Data under study START
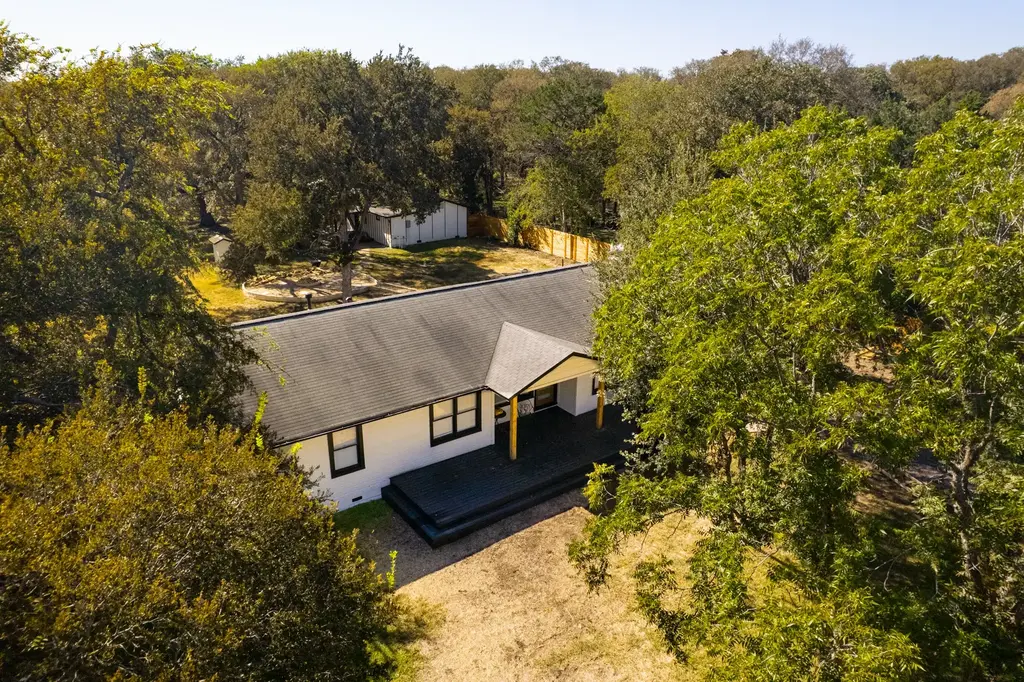 8904 Chisholm Lane, Austin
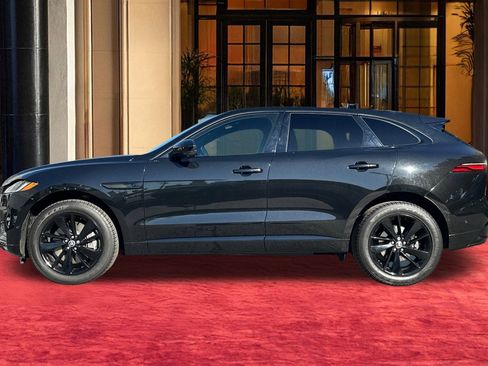 Used 2026 Jaguar F-PACE R-Dynamic S image 3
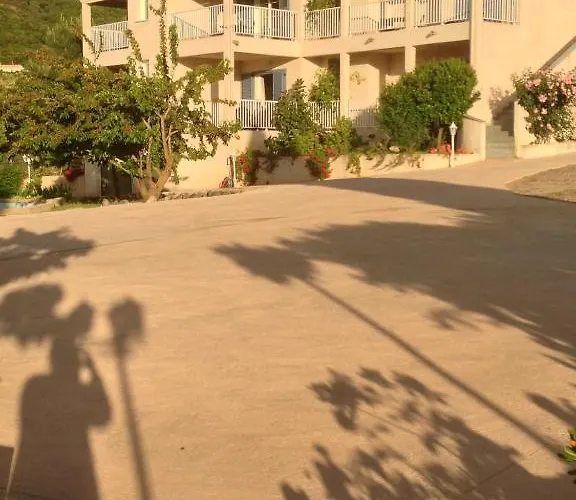 坎芭耶鲁酒店 酒店 加莱里亚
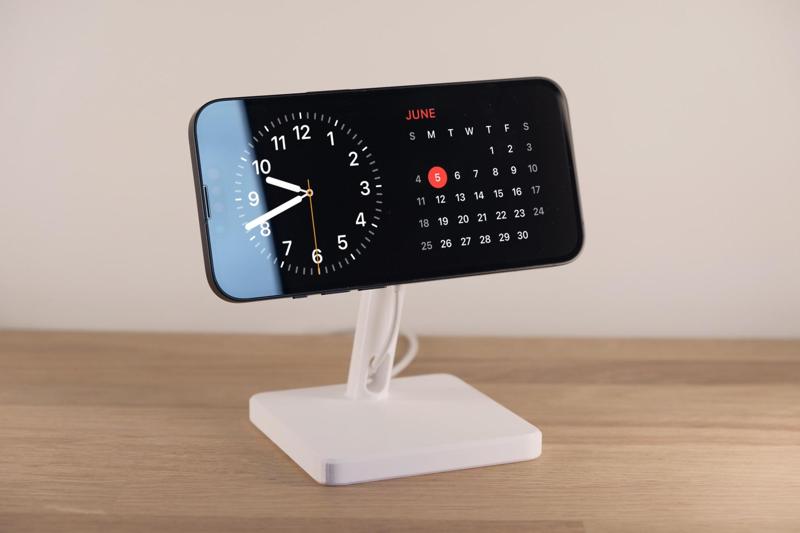 Magsafe charger stand for iPhone - standby mode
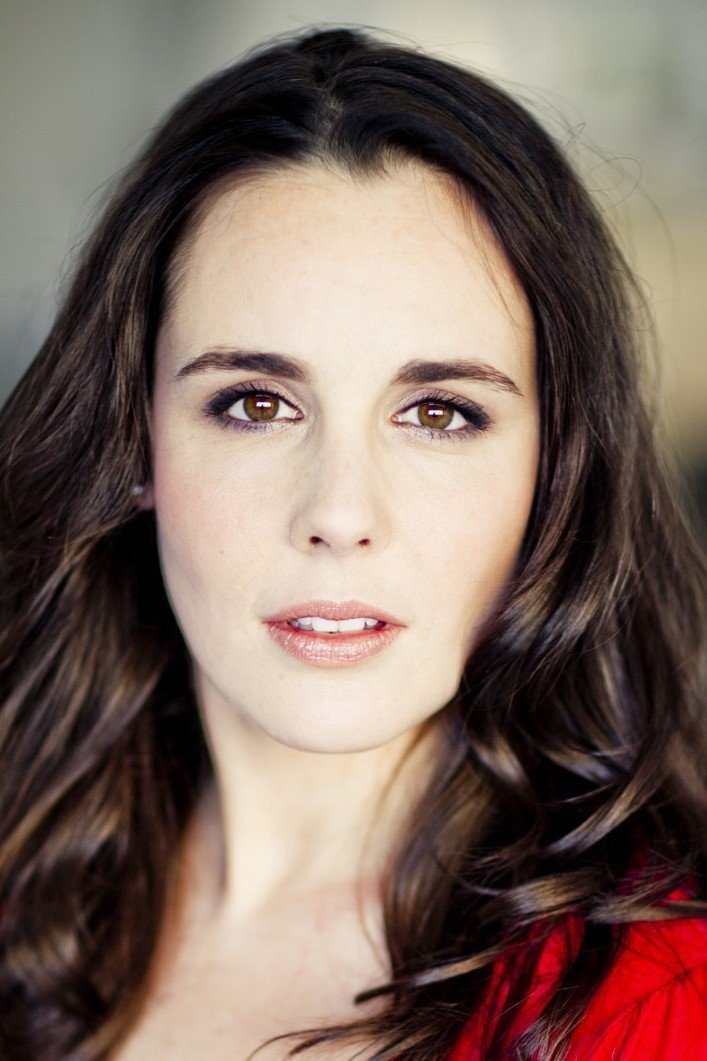 Valerie Cadieux backdrop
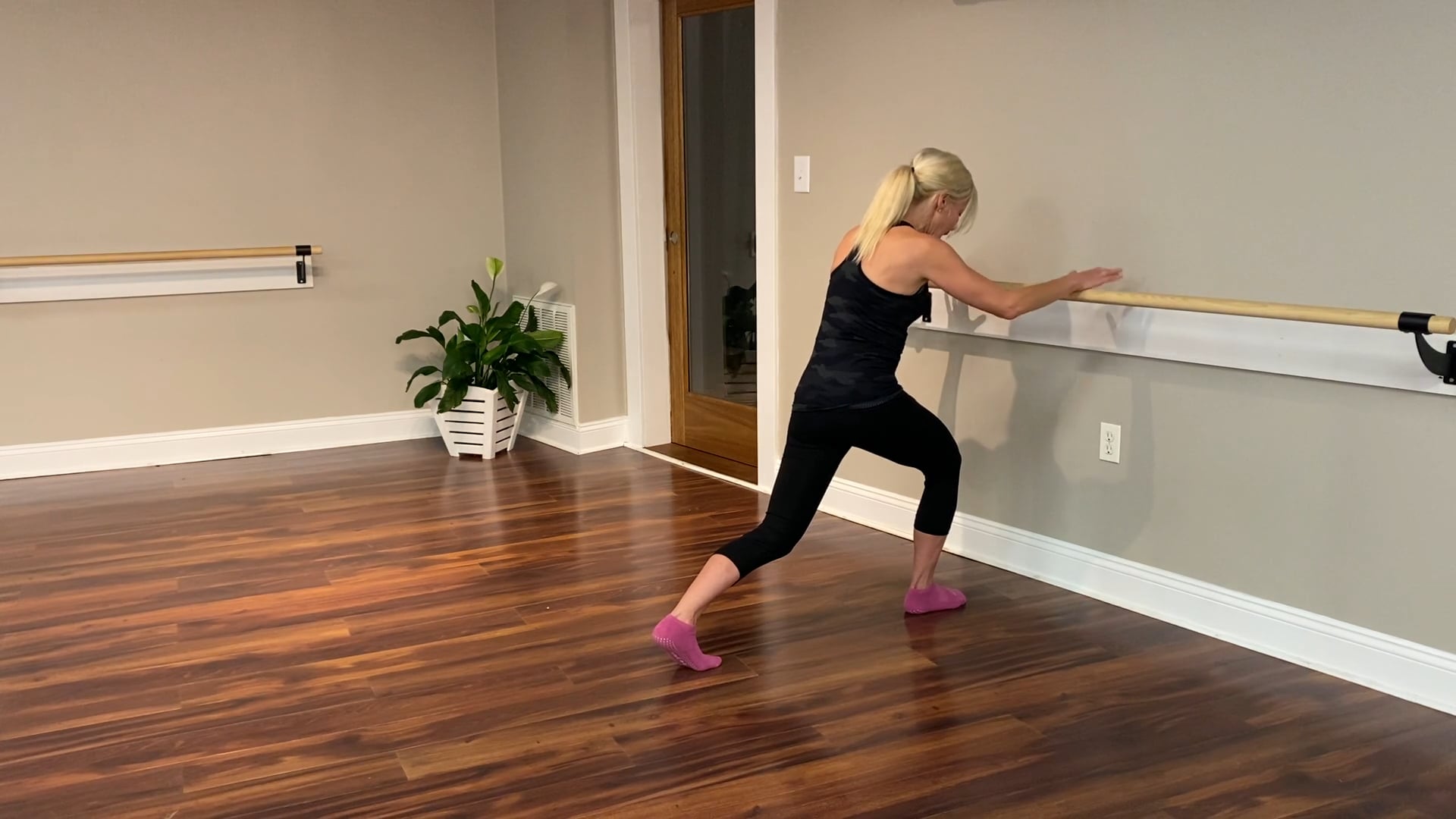 Barre Express Thigh Strengthen and Sculpt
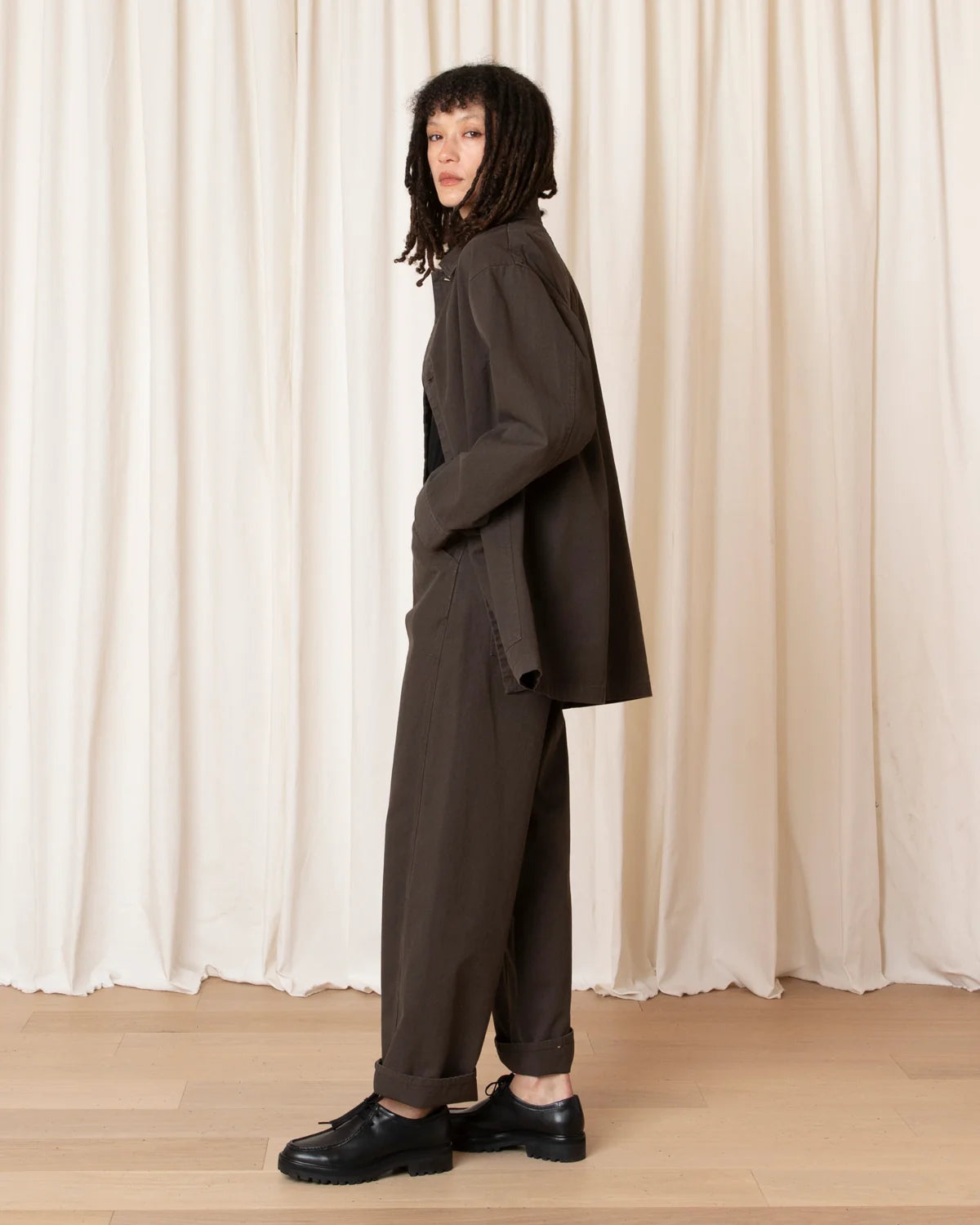 Ali Golden Fitted Barrel Pant – Brown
Data under study END
- **Your task**:
Only the lines from the one containing "Used 2026 Jaguar F-PACE R-Dynamic S image 3" through the last line of the data above, both included, belong in the reply, each restated exactly and without pictures.

- **Output of the exercise**:
 Used 2026 Jaguar F-PACE R-Dynamic S image 3
 坎芭耶鲁酒店 酒店 加莱里亚
 Magsafe charger stand for iPhone - standby mode
 Valerie Cadieux backdrop
 Barre Express Thigh Strengthen and Sculpt
 Ali Golden Fitted Barrel Pant – Brown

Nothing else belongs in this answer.